Mayor’s Office Mucking Up the OPA Oversight Process?

posted by on June 25 at 21:06 PM

When Mayor Greg Nickels sent a letter to Office of Professional Accountability (OPA) director Kathryn Olson, asking her to look into allegations made in a leaked Office of Professional Accountability Review Board (OPARB) report - that Seattle Police Chief Gil Kerlikowske had interfered in an OPA investigation - it seemed as if the tide was finally turning. A day before he sent his letter to Olson, Nickels had expressed firm support for the Chief. His letter to Olson seemed to be an about-face. Today, Nickelsí office sent out another letter:


In light of the recent misrepresentations regarding Chief Kerlikowski’s
role in the OPA process, I would like to provide you with the following
two documents:

1) A memorandum from Kate Pflaumer, OPA Auditor, outlining the OPA
process should any question still remain; and
2) Information regarding the number of cases in 2005 and 2006 in which
the Chief disagreed with the OPA Director’s findings.

Emelie East

East is a liason between the Mayor’s office and city council.

As of this afternoon, Olsen stated that her final report to Nickels was a ways off. It appears that the Mayor has already made up his mind before all the facts are in, which is exactly what OPARB accused the Chief of doing.

It’s possible the Mayor’s office is addressing the “misrepresentation” of Kerlikowske’s role in the oversight process, which Pflaumer’s letter explains. However, by including the second document - which states that the Kerlikowske has only disagreed with a handful of OPA’s recommendations for disciplining officers - it looks a lot like Nickels is going to bat for the Chief before Olson gets a chance to complete her report.

RSS icon Comments


I'm sorry but assigning the new Director of the OPA to review the behavior of her boss, without offering her any kind of protection against backlash, was transparently frought with conflicts of interest and a lack of objectivity to begin with. And it was done with the intention of buying time for Nickels and Co. to lash out and say that we don't yet have all the facts-- as if anything the OPA Review Board documented was inaccurate.

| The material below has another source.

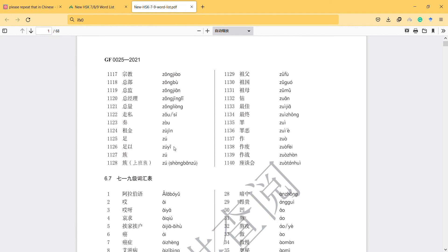So this is the end of the video, and I hope this video helps you to familiarize with the HSK 7 words. See you in the next video, bye-bye.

It hardly matters anyway. This servile City Council has, with the exception of Nick Licata, shown itself completely unwilling to consider the content of the OPA Review Board's report on its own merits. Nickels will say that there has been "distortion", but doesn't have the guts to say what that is. That's Olsen's job, clearly. And it's clear that no one has her back. The City Council just follows, also looking for an excuse to not take on the police guild, saying it doesn't want to rush to judge Kerlikowske. Fine. If anyone on the City Council or in the Mayor's office has said anything about it not being ok for police to use excessive force, to lie, to take drugs from people, to plant drugs on people or send them to jail on false charges, I missed it.

Protest this Thursday, 4pm, City Hall.

Posted by Trevor | June 26, 2007 12:05 AM

see also: "Police chief exonerated officers in violent arrest", Seattle Times, June 16, 2007

Kerlikowske did not punish any of the officers involved in the [Maikoiyo Alley-Barnes] incident, even though records show the civilian director of the Office of Professional Accountability (OPA), which oversees internal police investigations, found two were guilty of excessive force and all three were guilty of serious breaches in conduct. She recommended discipline for all three.


In the Alley-Barnes arrest on Capitol Hill, a patrol-car dashboard camera captured audio but not video. The audio revealed inconsistencies in the officers' accounts, according to court records.

Blows can be heard. A woman can be heard saying, "Oh my God!"

At one point, the 29-year-old Alley-Barnes -- an artist with no criminal record -- pleads with the officers to "please stop kicking me!"

Another voice can be heard saying, "That's way too much!"